* **Task details**
Could you copy exactly the lines from the one containing "this 400×267 image." through the last line of the records below, leaving out any pictures?

* **Data provided**
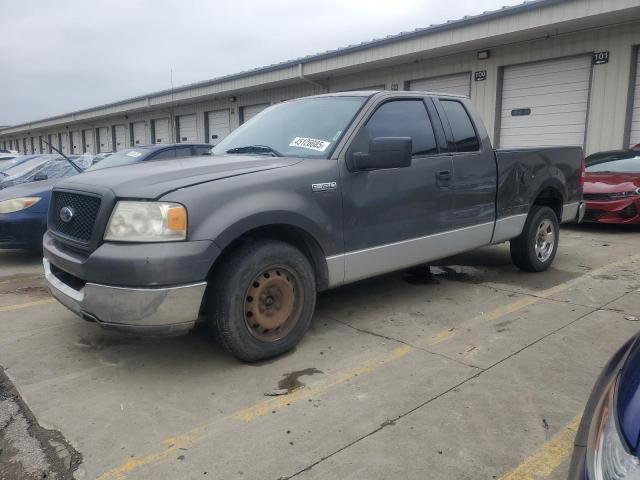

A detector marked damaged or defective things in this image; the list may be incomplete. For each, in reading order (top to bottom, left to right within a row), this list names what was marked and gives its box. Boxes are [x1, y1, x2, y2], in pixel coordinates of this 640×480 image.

dent on truck side [161, 159, 344, 290]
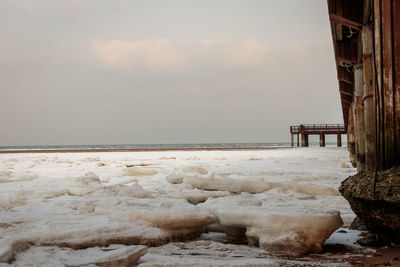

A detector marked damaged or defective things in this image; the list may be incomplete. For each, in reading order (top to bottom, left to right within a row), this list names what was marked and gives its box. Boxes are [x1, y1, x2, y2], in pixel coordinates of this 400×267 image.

corroded structure [328, 0, 400, 172]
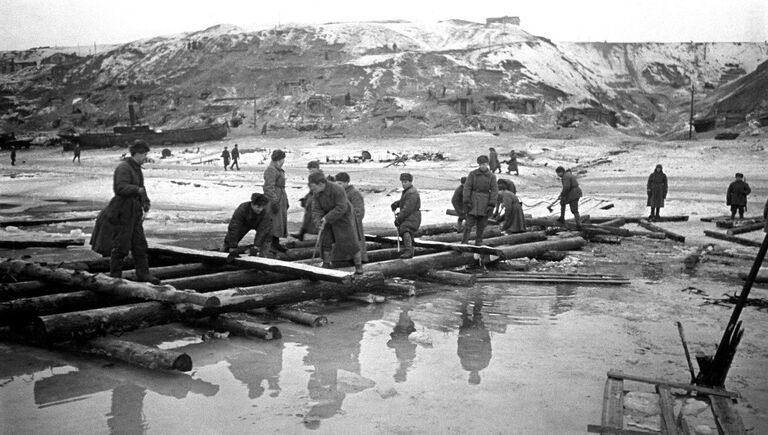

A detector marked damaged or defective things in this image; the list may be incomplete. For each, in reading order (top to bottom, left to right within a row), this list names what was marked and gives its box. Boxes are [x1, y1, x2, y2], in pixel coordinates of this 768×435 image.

broken timber [148, 244, 352, 284]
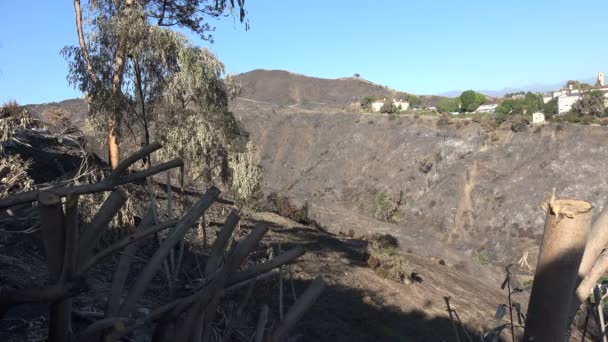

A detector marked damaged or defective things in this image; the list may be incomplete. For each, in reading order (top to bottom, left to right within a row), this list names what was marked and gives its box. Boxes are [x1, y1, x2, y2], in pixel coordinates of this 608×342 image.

fallen burnt timber [0, 141, 324, 340]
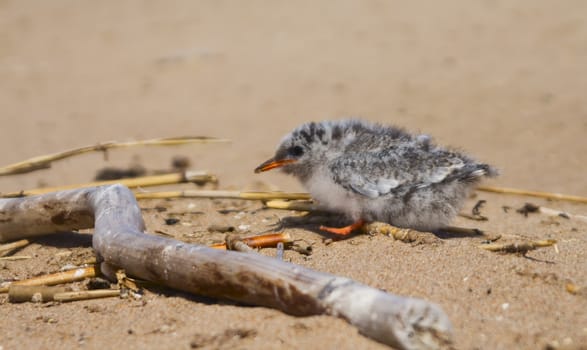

* **Worked solution**
A detector marked damaged or defective things in this image; the list may be incomplete. For each, in reading order (top to bottom, left to right within a row), this list names what was marked and gives its box. Boxes are [x1, y1, x2, y2], in pixel coordinates of this 400×267 image.

corroded structure [328, 0, 400, 172]

A detector marked damaged or defective things in this image; the list may be incomplete. For each, in reading order (top to bottom, left to right within a row), this list names what was marked and gives its box. Boxes are [x1, y1, x2, y2], in pixel coordinates of this 768×435 image.

broken timber [148, 244, 352, 284]

A detector marked damaged or defective things in this image; the list may be incomplete. For each, in reading order (top to bottom, left to right within a row), this list names what was marked and gives its box. Boxes are [x1, y1, x2, y2], in pixel coordinates of this 608×342 image.

fallen burnt timber [0, 141, 324, 340]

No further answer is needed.